Extended GPU Memory
The Extended GPU Memory (EGM) feature, utilizing the high-bandwidth NVLink-C2C, facilitates efficient access to all system memory by GPUs, in a single-node system. EGM applies to integrated CPU-GPU NVIDIA systems by allowing physical memory allocation that can be accessed from any GPU thread within the setup. EGM ensures that all GPUs can access its resources at the speed of either GPU-GPU NVLink or NVLink-C2C.

In this setup, memory accesses occur via the local high-bandwidth NVLink-C2C. For remote memory accesses, GPU NVLink and, in some cases, NVLink-C2C are used. With EGM, GPU threads gain the capability to access all available memory resources, including CPU attached memory and HBM3, over the NVSwitch fabric.
Preliminaries
Before diving into API changes for EGM functionalities, we are going to cover currently supported topologies, identifier assignment, prerequisites for virtual memory management, and CUDA types for EGM.
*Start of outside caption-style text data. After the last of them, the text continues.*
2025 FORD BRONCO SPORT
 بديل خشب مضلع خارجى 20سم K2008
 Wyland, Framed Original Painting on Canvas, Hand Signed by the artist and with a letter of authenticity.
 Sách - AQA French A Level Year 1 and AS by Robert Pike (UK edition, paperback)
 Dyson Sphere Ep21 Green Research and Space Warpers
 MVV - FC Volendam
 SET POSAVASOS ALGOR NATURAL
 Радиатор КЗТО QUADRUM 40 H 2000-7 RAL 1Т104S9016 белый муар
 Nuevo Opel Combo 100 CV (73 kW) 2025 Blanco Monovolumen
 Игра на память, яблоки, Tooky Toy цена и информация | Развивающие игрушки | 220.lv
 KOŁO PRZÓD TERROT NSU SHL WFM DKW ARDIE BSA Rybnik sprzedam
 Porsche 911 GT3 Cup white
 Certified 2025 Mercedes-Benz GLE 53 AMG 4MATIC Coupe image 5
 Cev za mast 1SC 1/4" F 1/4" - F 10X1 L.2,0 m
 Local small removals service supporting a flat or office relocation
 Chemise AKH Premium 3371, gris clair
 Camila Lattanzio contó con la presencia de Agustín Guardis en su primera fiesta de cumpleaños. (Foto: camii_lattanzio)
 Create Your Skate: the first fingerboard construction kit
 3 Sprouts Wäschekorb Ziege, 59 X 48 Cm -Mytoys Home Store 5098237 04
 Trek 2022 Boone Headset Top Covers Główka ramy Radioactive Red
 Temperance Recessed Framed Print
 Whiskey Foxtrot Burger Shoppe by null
EGM Platforms: System topology
Currently, EGM can be enabled in three platforms: (1) Single-Node, Single-GPU: Consists of an Arm-based CPU, CPU attached memory, and a GPU. Between the CPU and the GPU there is a high bandwidth C2C (Chip-to-Chip) interconnect. (2) Single-Node, Multi-GPU: Consists of fully connected four single-node, single-GPU platforms. (3) Multi-Node, Single-GPU: Two or more single-node multi-socket systems.
Note
Using cgroups
to limit available devices will block routing over EGM
and cause performance issues. Use CUDA_VISIBLE_DEVICES
instead.
Socket Identifiers: What are they? How to access them?
NUMA (Non-Uniform Memory Access) is a memory architecture used in multi-processor computer systems such that the memory is divided into multiple nodes. Each node has its own processors and memory. In such a system, NUMA divides the system into nodes and assigns a unique identifier (numaID) to every node.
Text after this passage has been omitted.